Of course, any story needs to be interesting, in some way, from the first page, but the insistence that this means physical “action” is limiting. Beginning with a “bang” can be devastating if you want to develop atmosphere. Can you imagine Blackwood’s “Willows” beginning with some bizarre phenomenon, then backtracking with the material about the Danube canoe trip?!
I’m quite often put off by the “start with a bang” formula, and decline to read further….
@MAjor Wooten – I can see your point. Depends upon what the ‘bang’ is and the tone of the story. And Block’s article isn’t necessarily about a big bang, it’s about changing the order and backtracking.
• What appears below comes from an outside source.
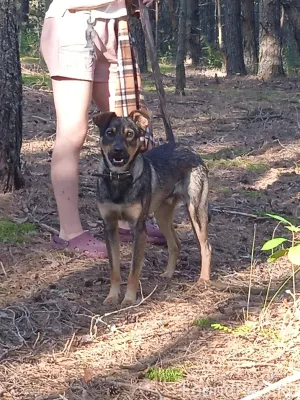 Пропала собака! Молодой кобель...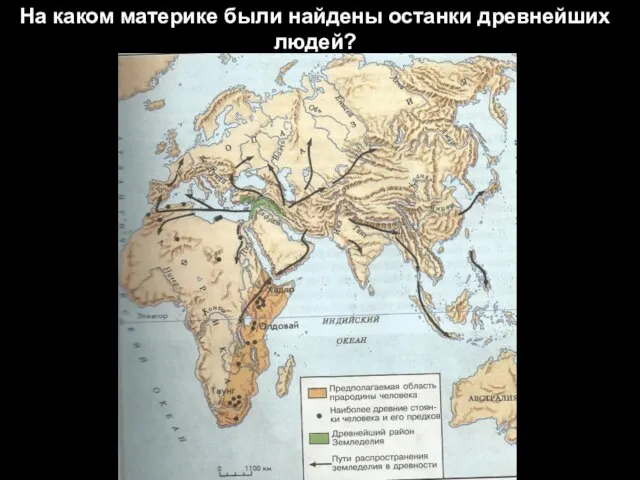 На каком материке были найдены останки древнейших людей?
I shifted it to my idea of more action/tension to begin with.
Though the general result of that is some level of increased activity (of some kind) than would otherwise occur in a chronological order.
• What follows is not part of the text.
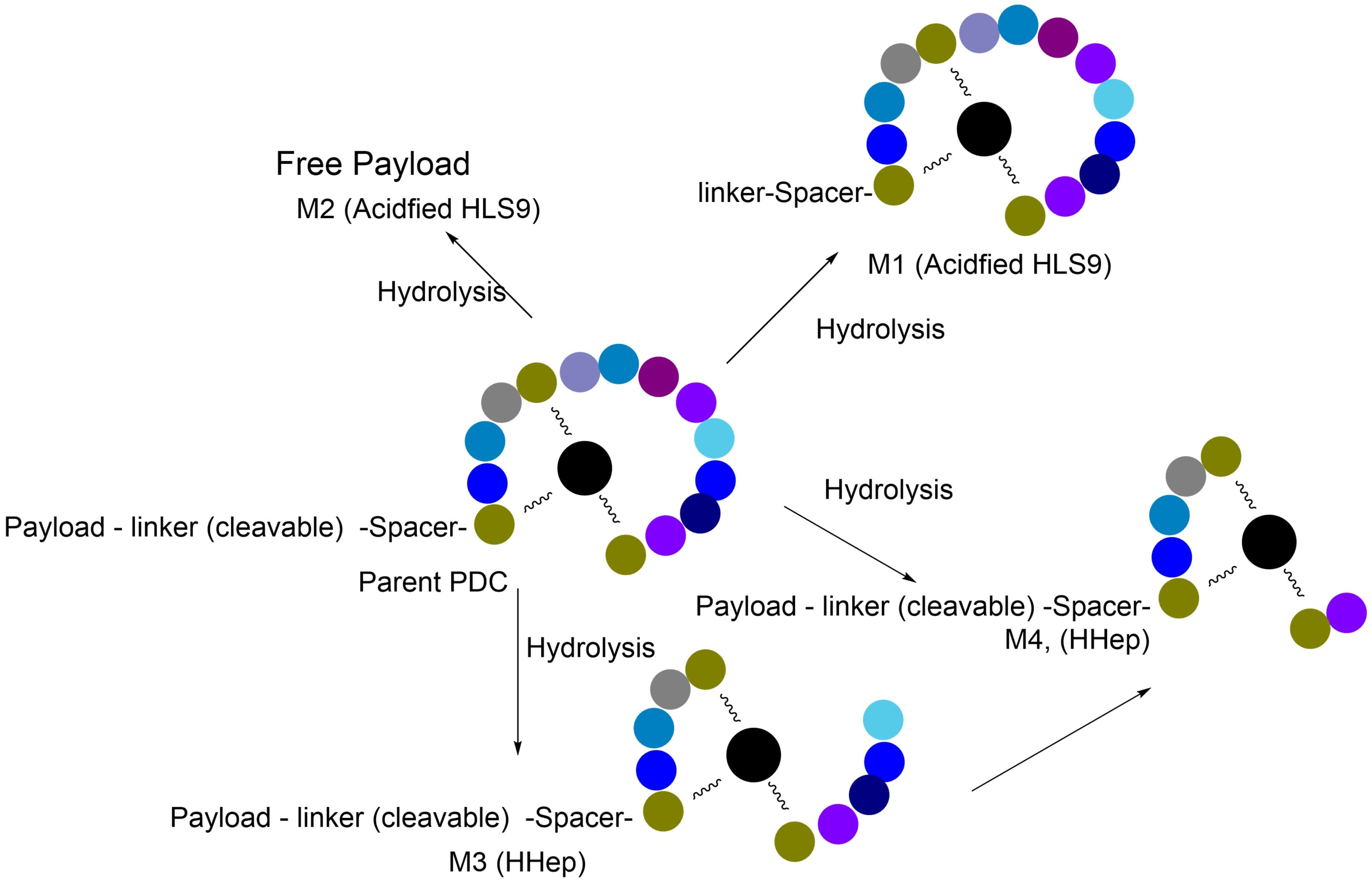 Difference in metabolic pathways of a PDC after incubation with acidified S9 and hepatocytes Difference in metabolic pathways of a PDC after incubation with acidified S9 and hepatocytes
I do view this as different from Raymond Chandler’s axiom of “When in doubt, have a man come through the door into the room with a gun in his hand.” That’s a whole other thought (and one reason I’m not exactly a Chandler fanatic).
I think a survey of favorite stories from before the pulp era of the 1920s onwards would reveal that a great many of the stories that, for a long time at least, were regarded as favorite works of sf, fantasy, and also detection, started deliberately with material that eased you into the plot and atmosphere. If anyone wanted to do the tabulating, etc., it should actually be easy to test this. One could start by compiling a list of, say, 40 favorite works from before 1930 and giving a subjective assessment regarding whether or not the story started with a tense scene, a complication, etc. and afterwards provided explanation for it — or started in a casual or leisurely — or discursive — manner. Whether we’re talking Poe’s “Fall of the House of Usher,” Gaskell’s “Old Nurse’s Story,” Bronte’s Wuthering Heights, Tolstoy’s “Kreutzer Sonata” or Conrad’s “Heart of Darkness,” Machen’s “Black Seal,” Wells’s “Time Machine,” Lovecraft’s “Outsider,” or various ghost stories by M. R. James (starting with descriptions of country houses, etc.)… I think the latter is what we will often find. I generally relish that quality!
Since I wrote this post, Lawrence Block has moved into the public eye. He’s long been a successful author, but his ‘A Walk Among The Tombstones’ is about to become a box office smash as Liam Neeson’s latest movie.
I’m a fan of five different characters/series that Block has created: he’s really good.
And if you see ‘Walk’ and like it, most definitely read the first book in the series, ‘The Sins of the Fathers.’
The character development of Scudder over the years is the best of any series I’ve ever read.